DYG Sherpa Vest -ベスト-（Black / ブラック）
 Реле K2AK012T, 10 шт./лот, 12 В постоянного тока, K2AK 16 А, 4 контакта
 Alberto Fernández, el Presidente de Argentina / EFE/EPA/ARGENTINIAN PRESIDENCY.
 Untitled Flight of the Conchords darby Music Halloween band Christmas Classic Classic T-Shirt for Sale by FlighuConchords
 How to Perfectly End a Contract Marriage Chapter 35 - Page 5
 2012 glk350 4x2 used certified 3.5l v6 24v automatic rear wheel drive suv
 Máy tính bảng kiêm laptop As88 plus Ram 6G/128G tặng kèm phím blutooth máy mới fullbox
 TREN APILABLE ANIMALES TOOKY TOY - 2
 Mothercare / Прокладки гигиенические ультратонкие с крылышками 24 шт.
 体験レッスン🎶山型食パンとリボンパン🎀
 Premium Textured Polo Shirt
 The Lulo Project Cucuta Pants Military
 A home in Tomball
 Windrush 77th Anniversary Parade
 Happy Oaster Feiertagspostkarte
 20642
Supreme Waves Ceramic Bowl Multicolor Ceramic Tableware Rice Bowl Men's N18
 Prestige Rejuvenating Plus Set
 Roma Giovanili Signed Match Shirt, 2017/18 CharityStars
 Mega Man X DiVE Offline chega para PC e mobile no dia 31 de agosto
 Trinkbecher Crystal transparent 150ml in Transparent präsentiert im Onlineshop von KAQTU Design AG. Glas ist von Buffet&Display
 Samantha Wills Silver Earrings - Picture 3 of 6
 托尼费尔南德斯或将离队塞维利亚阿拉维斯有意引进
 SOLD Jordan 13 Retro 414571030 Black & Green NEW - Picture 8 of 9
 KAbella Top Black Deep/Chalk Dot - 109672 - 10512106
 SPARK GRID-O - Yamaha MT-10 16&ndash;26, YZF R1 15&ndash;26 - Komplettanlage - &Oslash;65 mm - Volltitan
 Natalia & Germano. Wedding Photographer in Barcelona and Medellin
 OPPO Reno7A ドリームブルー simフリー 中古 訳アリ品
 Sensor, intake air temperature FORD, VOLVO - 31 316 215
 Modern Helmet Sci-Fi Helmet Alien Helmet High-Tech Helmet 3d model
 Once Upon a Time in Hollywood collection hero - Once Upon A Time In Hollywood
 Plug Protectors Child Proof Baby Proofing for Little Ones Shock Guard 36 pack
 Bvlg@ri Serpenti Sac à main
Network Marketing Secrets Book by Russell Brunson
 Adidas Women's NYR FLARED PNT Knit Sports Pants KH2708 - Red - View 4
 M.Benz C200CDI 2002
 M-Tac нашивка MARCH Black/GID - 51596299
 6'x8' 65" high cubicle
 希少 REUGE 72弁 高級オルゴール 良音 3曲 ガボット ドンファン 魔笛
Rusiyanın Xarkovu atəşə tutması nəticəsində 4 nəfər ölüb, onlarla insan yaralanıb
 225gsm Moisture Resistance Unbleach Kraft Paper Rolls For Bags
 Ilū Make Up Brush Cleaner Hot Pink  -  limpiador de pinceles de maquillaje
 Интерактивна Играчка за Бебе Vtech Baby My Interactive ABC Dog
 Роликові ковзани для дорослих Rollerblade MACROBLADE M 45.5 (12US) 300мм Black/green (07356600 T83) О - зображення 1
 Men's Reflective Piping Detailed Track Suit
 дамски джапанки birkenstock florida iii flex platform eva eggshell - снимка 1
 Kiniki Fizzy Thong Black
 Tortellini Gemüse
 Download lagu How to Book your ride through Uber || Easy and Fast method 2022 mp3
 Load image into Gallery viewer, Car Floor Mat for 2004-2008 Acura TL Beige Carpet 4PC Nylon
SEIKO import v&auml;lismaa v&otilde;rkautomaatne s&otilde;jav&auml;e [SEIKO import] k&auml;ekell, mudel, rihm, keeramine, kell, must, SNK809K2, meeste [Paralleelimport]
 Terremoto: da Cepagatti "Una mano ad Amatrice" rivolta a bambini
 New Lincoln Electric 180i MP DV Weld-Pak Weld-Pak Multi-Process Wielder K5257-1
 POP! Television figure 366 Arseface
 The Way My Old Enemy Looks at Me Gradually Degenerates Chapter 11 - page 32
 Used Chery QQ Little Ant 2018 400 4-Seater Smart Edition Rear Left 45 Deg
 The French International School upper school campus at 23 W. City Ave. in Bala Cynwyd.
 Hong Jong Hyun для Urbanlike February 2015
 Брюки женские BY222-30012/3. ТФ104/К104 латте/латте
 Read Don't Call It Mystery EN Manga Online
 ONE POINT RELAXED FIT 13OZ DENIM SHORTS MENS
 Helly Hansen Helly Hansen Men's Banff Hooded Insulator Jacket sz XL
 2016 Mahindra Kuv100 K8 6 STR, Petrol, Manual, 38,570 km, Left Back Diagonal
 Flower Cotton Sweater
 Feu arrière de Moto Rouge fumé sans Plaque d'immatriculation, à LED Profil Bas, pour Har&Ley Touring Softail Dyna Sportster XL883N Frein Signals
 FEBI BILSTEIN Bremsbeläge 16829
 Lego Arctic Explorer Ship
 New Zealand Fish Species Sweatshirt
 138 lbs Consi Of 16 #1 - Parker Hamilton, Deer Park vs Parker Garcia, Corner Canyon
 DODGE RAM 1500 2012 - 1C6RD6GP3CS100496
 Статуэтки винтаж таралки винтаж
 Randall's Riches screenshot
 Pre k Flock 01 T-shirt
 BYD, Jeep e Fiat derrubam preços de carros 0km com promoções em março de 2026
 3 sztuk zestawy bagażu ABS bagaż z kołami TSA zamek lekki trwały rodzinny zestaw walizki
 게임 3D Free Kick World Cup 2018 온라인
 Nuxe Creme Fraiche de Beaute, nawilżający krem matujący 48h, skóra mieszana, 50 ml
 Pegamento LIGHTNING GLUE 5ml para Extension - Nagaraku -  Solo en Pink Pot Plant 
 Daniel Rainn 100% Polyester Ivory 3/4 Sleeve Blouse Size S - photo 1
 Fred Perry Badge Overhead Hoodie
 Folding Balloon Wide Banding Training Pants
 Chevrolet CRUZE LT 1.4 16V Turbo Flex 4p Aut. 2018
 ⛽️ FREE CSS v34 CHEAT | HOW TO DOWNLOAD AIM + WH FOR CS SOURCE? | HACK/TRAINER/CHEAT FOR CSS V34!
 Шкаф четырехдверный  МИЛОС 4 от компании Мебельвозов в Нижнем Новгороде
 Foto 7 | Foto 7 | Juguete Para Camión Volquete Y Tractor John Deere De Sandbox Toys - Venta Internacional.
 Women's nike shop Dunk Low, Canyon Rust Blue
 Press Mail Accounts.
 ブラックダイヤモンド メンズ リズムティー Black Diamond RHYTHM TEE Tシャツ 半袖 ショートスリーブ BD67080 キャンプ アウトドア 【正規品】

● ● ● ● ● ● ●

Without altering a single word, write out the whole listing.

- [Reply]:
DYG Sherpa Vest -ベスト-（Black / ブラック）
 Реле K2AK012T, 10 шт./лот, 12 В постоянного тока, K2AK 16 А, 4 контакта
 Alberto Fernández, el Presidente de Argentina / EFE/EPA/ARGENTINIAN PRESIDENCY.
 Untitled Flight of the Conchords darby Music Halloween band Christmas Classic Classic T-Shirt for Sale by FlighuConchords
 How to Perfectly End a Contract Marriage Chapter 35 - Page 5
 2012 glk350 4x2 used certified 3.5l v6 24v automatic rear wheel drive suv
 Máy tính bảng kiêm laptop As88 plus Ram 6G/128G tặng kèm phím blutooth máy mới fullbox
 TREN APILABLE ANIMALES TOOKY TOY - 2
 Mothercare / Прокладки гигиенические ультратонкие с крылышками 24 шт.
 体験レッスン🎶山型食パンとリボンパン🎀
 Premium Textured Polo Shirt
 The Lulo Project Cucuta Pants Military
 A home in Tomball
 Windrush 77th Anniversary Parade
 Happy Oaster Feiertagspostkarte
 20642
Supreme Waves Ceramic Bowl Multicolor Ceramic Tableware Rice Bowl Men's N18
 Prestige Rejuvenating Plus Set
 Roma Giovanili Signed Match Shirt, 2017/18 CharityStars
 Mega Man X DiVE Offline chega para PC e mobile no dia 31 de agosto
 Trinkbecher Crystal transparent 150ml in Transparent präsentiert im Onlineshop von KAQTU Design AG. Glas ist von Buffet&Display
 Samantha Wills Silver Earrings - Picture 3 of 6
 托尼费尔南德斯或将离队塞维利亚阿拉维斯有意引进
 SOLD Jordan 13 Retro 414571030 Black & Green NEW - Picture 8 of 9
 KAbella Top Black Deep/Chalk Dot - 109672 - 10512106
 SPARK GRID-O - Yamaha MT-10 16&ndash;26, YZF R1 15&ndash;26 - Komplettanlage - &Oslash;65 mm - Volltitan
 Natalia & Germano. Wedding Photographer in Barcelona and Medellin
 OPPO Reno7A ドリームブルー simフリー 中古 訳アリ品
 Sensor, intake air temperature FORD, VOLVO - 31 316 215
 Modern Helmet Sci-Fi Helmet Alien Helmet High-Tech Helmet 3d model
 Once Upon a Time in Hollywood collection hero - Once Upon A Time In Hollywood
 Plug Protectors Child Proof Baby Proofing for Little Ones Shock Guard 36 pack
 Bvlg@ri Serpenti Sac à main
Network Marketing Secrets Book by Russell Brunson
 Adidas Women's NYR FLARED PNT Knit Sports Pants KH2708 - Red - View 4
 M.Benz C200CDI 2002
 M-Tac нашивка MARCH Black/GID - 51596299
 6'x8' 65" high cubicle
 希少 REUGE 72弁 高級オルゴール 良音 3曲 ガボット ドンファン 魔笛
Rusiyanın Xarkovu atəşə tutması nəticəsində 4 nəfər ölüb, onlarla insan yaralanıb
 225gsm Moisture Resistance Unbleach Kraft Paper Rolls For Bags
 Ilū Make Up Brush Cleaner Hot Pink  -  limpiador de pinceles de maquillaje
 Интерактивна Играчка за Бебе Vtech Baby My Interactive ABC Dog
 Роликові ковзани для дорослих Rollerblade MACROBLADE M 45.5 (12US) 300мм Black/green (07356600 T83) О - зображення 1
 Men's Reflective Piping Detailed Track Suit
 дамски джапанки birkenstock florida iii flex platform eva eggshell - снимка 1
 Kiniki Fizzy Thong Black
 Tortellini Gemüse
 Download lagu How to Book your ride through Uber || Easy and Fast method 2022 mp3
 Load image into Gallery viewer, Car Floor Mat for 2004-2008 Acura TL Beige Carpet 4PC Nylon
SEIKO import v&auml;lismaa v&otilde;rkautomaatne s&otilde;jav&auml;e [SEIKO import] k&auml;ekell, mudel, rihm, keeramine, kell, must, SNK809K2, meeste [Paralleelimport]
 Terremoto: da Cepagatti "Una mano ad Amatrice" rivolta a bambini
 New Lincoln Electric 180i MP DV Weld-Pak Weld-Pak Multi-Process Wielder K5257-1
 POP! Television figure 366 Arseface
 The Way My Old Enemy Looks at Me Gradually Degenerates Chapter 11 - page 32
 Used Chery QQ Little Ant 2018 400 4-Seater Smart Edition Rear Left 45 Deg
 The French International School upper school campus at 23 W. City Ave. in Bala Cynwyd.
 Hong Jong Hyun для Urbanlike February 2015
 Брюки женские BY222-30012/3. ТФ104/К104 латте/латте
 Read Don't Call It Mystery EN Manga Online
 ONE POINT RELAXED FIT 13OZ DENIM SHORTS MENS
 Helly Hansen Helly Hansen Men's Banff Hooded Insulator Jacket sz XL
 2016 Mahindra Kuv100 K8 6 STR, Petrol, Manual, 38,570 km, Left Back Diagonal
 Flower Cotton Sweater
 Feu arrière de Moto Rouge fumé sans Plaque d'immatriculation, à LED Profil Bas, pour Har&Ley Touring Softail Dyna Sportster XL883N Frein Signals
 FEBI BILSTEIN Bremsbeläge 16829
 Lego Arctic Explorer Ship
 New Zealand Fish Species Sweatshirt
 138 lbs Consi Of 16 #1 - Parker Hamilton, Deer Park vs Parker Garcia, Corner Canyon
 DODGE RAM 1500 2012 - 1C6RD6GP3CS100496
 Статуэтки винтаж таралки винтаж
 Randall's Riches screenshot
 Pre k Flock 01 T-shirt
 BYD, Jeep e Fiat derrubam preços de carros 0km com promoções em março de 2026
 3 sztuk zestawy bagażu ABS bagaż z kołami TSA zamek lekki trwały rodzinny zestaw walizki
 게임 3D Free Kick World Cup 2018 온라인
 Nuxe Creme Fraiche de Beaute, nawilżający krem matujący 48h, skóra mieszana, 50 ml
 Pegamento LIGHTNING GLUE 5ml para Extension - Nagaraku -  Solo en Pink Pot Plant 
 Daniel Rainn 100% Polyester Ivory 3/4 Sleeve Blouse Size S - photo 1
 Fred Perry Badge Overhead Hoodie
 Folding Balloon Wide Banding Training Pants
 Chevrolet CRUZE LT 1.4 16V Turbo Flex 4p Aut. 2018
 ⛽️ FREE CSS v34 CHEAT | HOW TO DOWNLOAD AIM + WH FOR CS SOURCE? | HACK/TRAINER/CHEAT FOR CSS V34!
 Шкаф четырехдверный  МИЛОС 4 от компании Мебельвозов в Нижнем Новгороде
 Foto 7 | Foto 7 | Juguete Para Camión Volquete Y Tractor John Deere De Sandbox Toys - Venta Internacional.
 Women's nike shop Dunk Low, Canyon Rust Blue
 Press Mail Accounts.
 ブラックダイヤモンド メンズ リズムティー Black Diamond RHYTHM TEE Tシャツ 半袖 ショートスリーブ BD67080 キャンプ アウトドア 【正規品】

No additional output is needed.